Records shown:
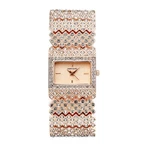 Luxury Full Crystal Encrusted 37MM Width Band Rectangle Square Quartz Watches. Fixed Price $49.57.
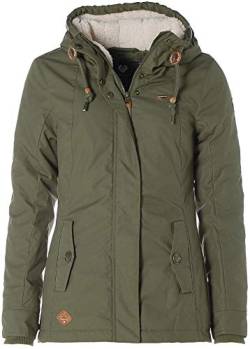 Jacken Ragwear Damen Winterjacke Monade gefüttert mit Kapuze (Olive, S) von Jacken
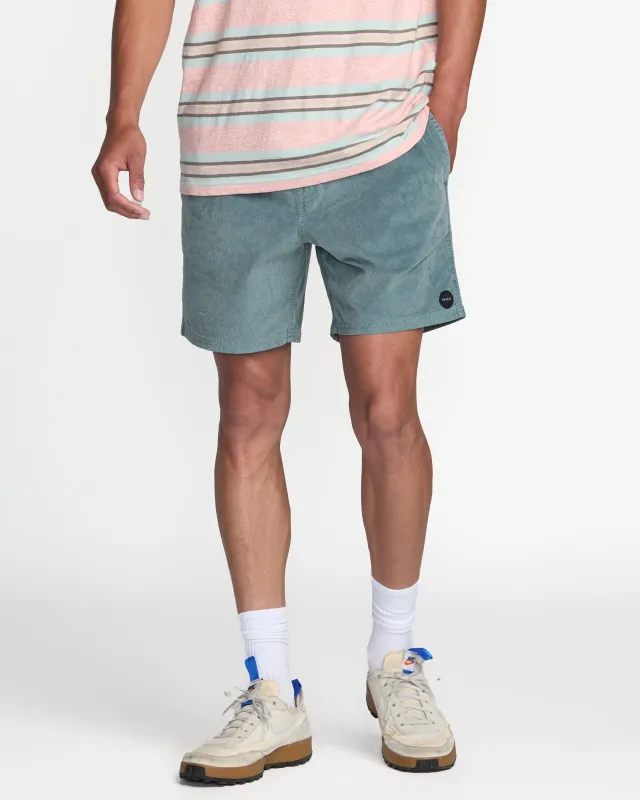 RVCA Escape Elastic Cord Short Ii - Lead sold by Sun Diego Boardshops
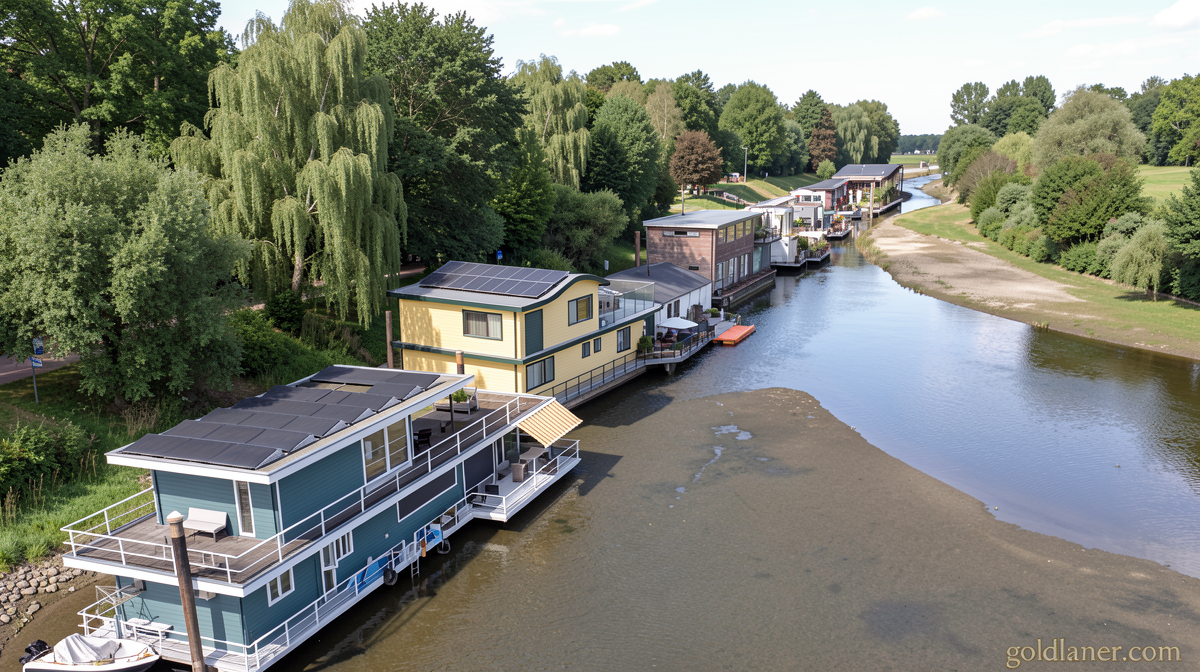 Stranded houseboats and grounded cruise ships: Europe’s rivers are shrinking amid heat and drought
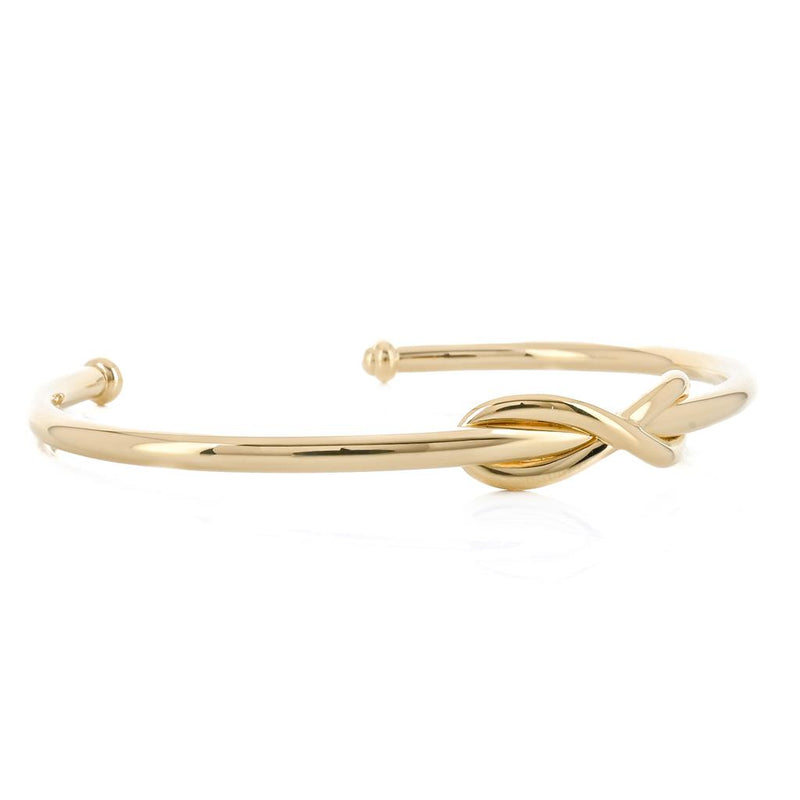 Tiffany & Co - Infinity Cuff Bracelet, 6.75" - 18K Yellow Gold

Exercise objective: Write out exactly, with no pictures, each line from the one containing "RVCA Escape Elastic" through the last line of the listing above, both included.

The completed task:
 RVCA Escape Elastic Cord Short Ii - Lead sold by Sun Diego Boardshops
 Stranded houseboats and grounded cruise ships: Europe’s rivers are shrinking amid heat and drought
 Tiffany & Co - Infinity Cuff Bracelet, 6.75" - 18K Yellow Gold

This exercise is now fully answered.